* Task statement:
Starting with the line that contains "Photo 5 of House", copy every line through the end of the listing, exactly and only those. No pictures should appear in the copy.

* Raw data:

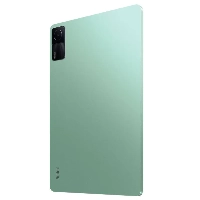 Планшет Xiaomi Redmi Pad 10.61, 6/128 ГБ, Wi-Fi, Mint Green, мятный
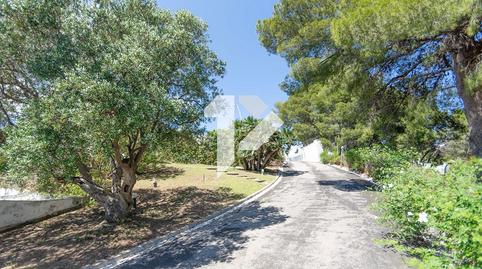 Photo 5 of House or chalet for sale in Plaza Torremoruna, Bellamar, Castelldefels
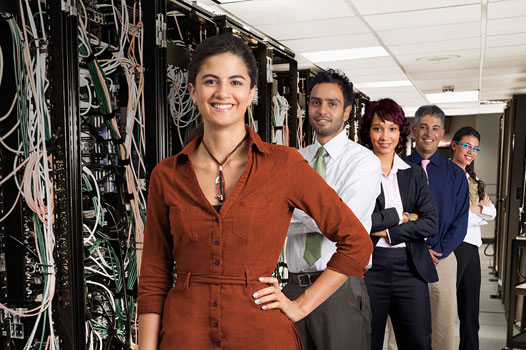 獨(dú)立服務(wù)器網(wǎng)站選擇指南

* Result of the task:
 Photo 5 of House or chalet for sale in Plaza Torremoruna, Bellamar, Castelldefels
 獨(dú)立服務(wù)器網(wǎng)站選擇指南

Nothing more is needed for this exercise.